Victory on the one true path to life (May 10, 2020)
Victory on the one true path to life
1 Peter 2:4-10
Find one of the infinity stones, and you have immense power! The infinity stones were highly sought after stones, or gems, in the Marvel super hero movies. Each of the 6 infinity stones had different powers. For example, there was the Power Stone which granted immense power. There was the Reality Stone which allowed you to alter reality. The Time Stone allowed you to control time, etc. By themselves, these stones were quite powerful. But when they were all collected and used together, you could do anything you imagined with just the snap of your finger. The main villain throughout wanted to destroy half of all life in the universe. The heroes – spoiler alert… it’s been a year already – the heroes used the stones to bring back that life that was destroyed.
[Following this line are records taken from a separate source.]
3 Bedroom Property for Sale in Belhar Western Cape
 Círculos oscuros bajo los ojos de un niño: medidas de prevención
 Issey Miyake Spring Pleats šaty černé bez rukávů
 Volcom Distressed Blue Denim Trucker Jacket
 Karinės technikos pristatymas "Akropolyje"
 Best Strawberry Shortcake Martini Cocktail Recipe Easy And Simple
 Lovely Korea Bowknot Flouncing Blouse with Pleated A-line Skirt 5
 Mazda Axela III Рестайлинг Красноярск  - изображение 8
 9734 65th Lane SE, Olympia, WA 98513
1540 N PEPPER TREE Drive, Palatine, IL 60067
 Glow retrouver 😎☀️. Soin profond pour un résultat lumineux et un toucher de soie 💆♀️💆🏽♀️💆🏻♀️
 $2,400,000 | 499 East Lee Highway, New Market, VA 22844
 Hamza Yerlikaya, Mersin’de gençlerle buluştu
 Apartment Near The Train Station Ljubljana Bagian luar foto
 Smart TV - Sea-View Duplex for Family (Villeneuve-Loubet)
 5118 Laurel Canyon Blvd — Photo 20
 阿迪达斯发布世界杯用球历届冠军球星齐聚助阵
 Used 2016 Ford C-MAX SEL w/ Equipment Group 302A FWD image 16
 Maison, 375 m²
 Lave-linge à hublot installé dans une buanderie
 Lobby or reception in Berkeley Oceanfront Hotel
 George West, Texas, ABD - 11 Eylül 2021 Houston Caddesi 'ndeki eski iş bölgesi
But of course that’s all just a fun fantasy story. I mean, nothing in the universe could do such a thing like that. Or could it? Peter calls Jesus the “living Stone”. And it’s interesting that if you think through all that Jesus has done and can do, you see that he, the “living Stone,” can do all that these fantasy infinity stones can do, and much more! The Bible says about Jesus, “Through him all things were made; without him nothing was made that has been made” (Jn 1:3). Peter says about Jesus in his 2nd letter, “With the Lord a day is like a thousand years, and a thousand years are like a day” (2 Pt 3:8). “Even the winds and the waves obey him!” (Mt 8:27). But I don’t make this comparison to simply geek out about superheroes or show how Jesus is like a cool superhero. I make this comparison to open your eyes to the true power of Jesus. He is like a superhero and much more, except he is real! Proved it by all that he has done and documented by eyewitnesses. He is the one way, the one truth, and the one life (Jn 14:6). There are not many paths to God. Not every religion is truth. There is only one. And that one path intersects with every one of ours. Either you will stumble over it and go your own way, or you will follow it and live because of it.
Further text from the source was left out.